Hello all. i want to use trim function in statement but it gives me error.Bellow is my code. any help to solve the error is appreciated.


data afewwords;
input Word1$ Word2$ ;
cards;
*some/    WHERE
*every*   THING
*no*      BODY
;
select trim(word1) from afewwords ;
proc print ;run;

1 ACCEPTED SOLUTION

Accepted Solutions
ChrisNZ
Tourmaline | Level 20

A lot of confusion this question has.

Like this?

data AFEWWORDS;
input WORD1 $ WORD2 $ ;
cards;
*some/    WHERE
*every*   THING
*no*      BODY
run;
proc sql;
  select trim(WORD1) 'Word1' from AFEWWORDS ;
quit;

 

Word1
*some/
*every*
*no*

View solution in original post

3 REPLIES 3
ChrisNZ
Tourmaline | Level 20

A lot of confusion this question has.

Like this?

data AFEWWORDS;
input WORD1 $ WORD2 $ ;
cards;
*some/    WHERE
*every*   THING
*no*      BODY
run;
proc sql;
  select trim(WORD1) 'Word1' from AFEWWORDS ;
quit;

 

Word1
*some/
*every*
*no*
Astounding
PROC Star

A few items to consider ...

 

In a DATA step, CARDS always comes last.  Anything that follows the data is not part of that DATA step.  The programming statements must precede the data.

 

While there is such a thing as a DATA step SELECT statement, it does not function the way you are trying to use it.  What you are doing looks more like SELECT within PROC SQL.

 

If you want to print the first variable, you don't have to change the data.  You can change the report instead:

 

proc print data=afewwords;

var word1;

run;

Tom
Super User Tom
Super User

SAS uses fixed length character strings.
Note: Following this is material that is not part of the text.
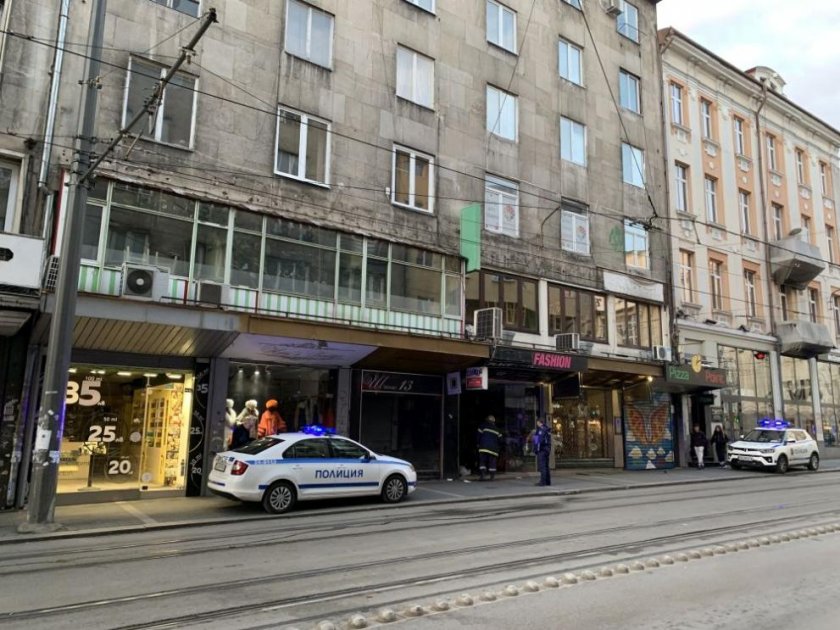 Пожар в магазин за дрехи на улица Алабин в центъра на София вдигна на крак столичните пожарникари. Инцидентът стана рано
So the TRIM() function will trim the trailing spaces from the value of a variable, but as soon as you put it back into a variable SAS will pad it with spaces to fill the length of the variable.

 

What do you want to use the TRIM() function to do?  You do not need to use for normal comparisons since SAS knows that 'FRED' and 'FRED    ' are the same thing.